Monday, June 01, 2009

Yes, it surely does sound democratic.

In a follow up to a post at Stageleft (see this post) and my response, I thought I would follow up with an update because Stageleft won’t. First up, the so-called “publicly mourn the loss of your land or your home, or the loss of anyone else’s land or home, on National Israel Happy Day, you get to go to jail for three years” otherwised known as the proposed “Nabka Law”. Ynet News:

Cabinet Secretary Zvi Hauser has initiated an amendment in a new motion referred to as the "Nakba law", which was approved last by the Ministerial Committee for Legislative Affairs and angered Israel's Arabs and Left.

According to the initiative, backed by Prime Minister Benjamin Netanyahu, activities marking the "catastrophe" of Israel's establishment will not be banned, but institutions encouraging such activities will not receive government funding.

So if you want to publicly mourn the founding of the Israeli state in Israel the worst which will happen is that your ‘ceremonies’ will no longer be subsidized on the Israeli taxpayer’s shekel which seems an entirely reasonable position to me.

Second, the so-called ‘Loyalty Oath’. Ynet News:

The Ministerial Committee on Legislation rejected Yisrael Beiteinu's loyalty bill Sunday, entering a majority vote against it.

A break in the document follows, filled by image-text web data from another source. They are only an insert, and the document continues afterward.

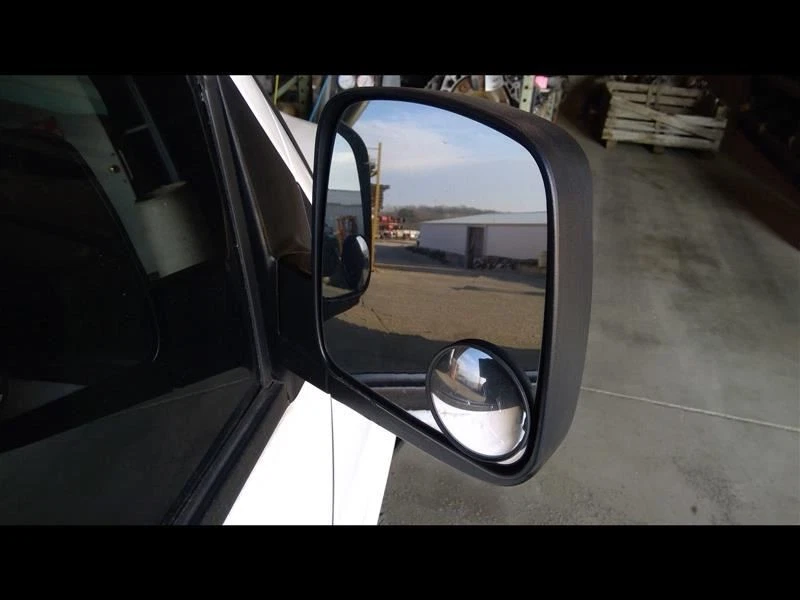 Passenger Side View Mirror Dual Mirror Fits 96-07 EXPRESS 1500 VAN 300380 - Image 2 of 4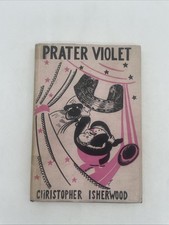 Prater Violet by Christopher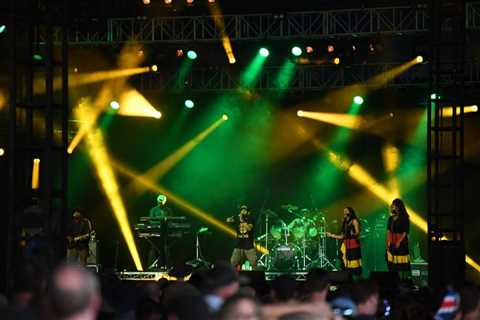 Australia’s Bluesfest 2026 Is Canceled, Appoints Liquidator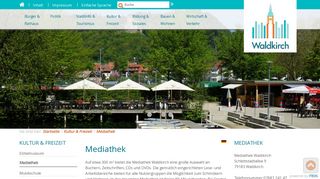 
                            4. Waldkirch | Mediathek - Stadt Waldkirch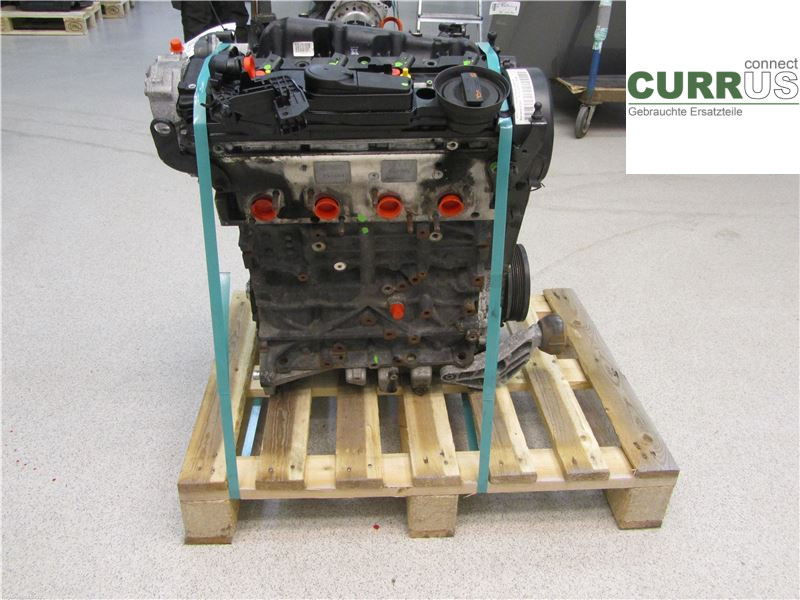AUDI A6/S6     05-11 Engine 03L100090KX CAGB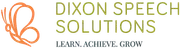 Dixon Speech Solutions logo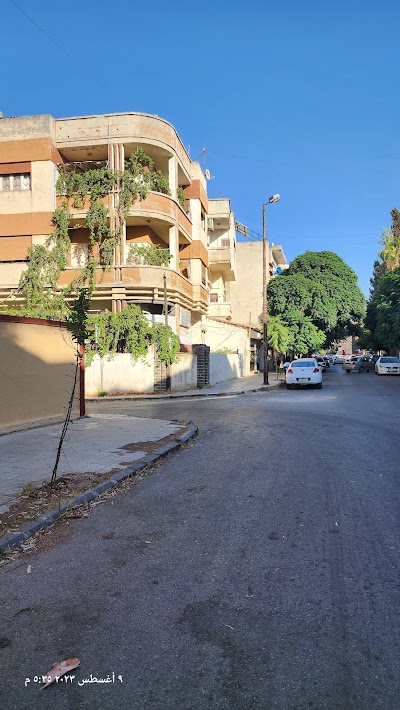مدرسة مصعب آصف الجوراني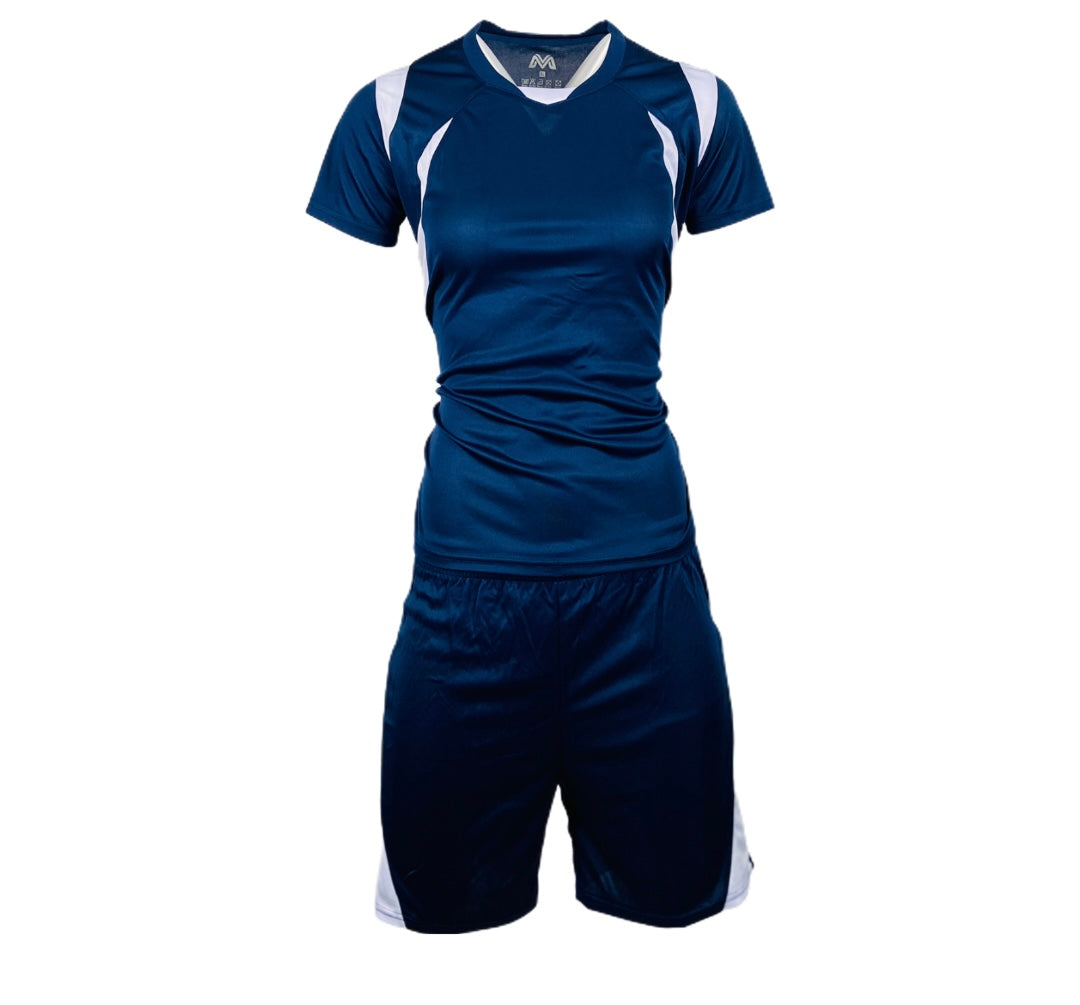 TTP Ladies Soccer Kit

The loyalty bill was meant to be an amendment to Israel's Citizenship Act, and stated that anyone seeking an Israeli citizenship would have to pledge their allegiance to the State of Israel as the homeland of the Jewish people.

Other sections of the amendment demanded the pledge be a prerequisite to getting an Israeli ID and that the interior minister would have the power to revoke the citizenship of those failing to comply. The bill was opposed by the Likud, Labor, Shas and Habayit Hayehudi members on the committee, with only Yisrael Beiteinu members voting in favor. "I hope these kinds of motions will never be heard in the government again," Minister of Minority Affairs Avishay Braverman, who voted against the amendment, said Sunday.

So the proposed legislation was put to a vote and shot down in the cabinet meeting, consequently, the government will not be sponsoring or proposing this piece of legislation in the Israel Knesset which sounds entirely democratic to me although I wait with baited breath Stageleft’s explanation as to this doesn’t mean the bar for democratic process.

One of the Israeli gems of a writer I read regularly is Yaacov Lozowick’s Ruminations. I see I don’t have him in my sidebar (note to self, add YLR) but he is a regular read in my feeder for some time. Yaacov Lozowick explains the legislative map any proposed bill must travel through to become law in Israel. It is well worth the few minutes of anyone’s time but it is his ruminations at the end which I want to highlight.
All of which leaves the question, why try in the first place if everyone knows it won't happen? Why give the Guardian and the Juan Coles of this world unnecessary grist for their mills? A fine subject for a different post, someday. Though I will note that no matter how childish the politicians-media-NGO activists are, the foreign reporters who eagerly take only part of the story and use it to damn Israel shouldn't be exonerated. They could tell the same story I've just told you, but scrupulously won't, ever.

And oddly enough, progressive bloggers won’t tell it either.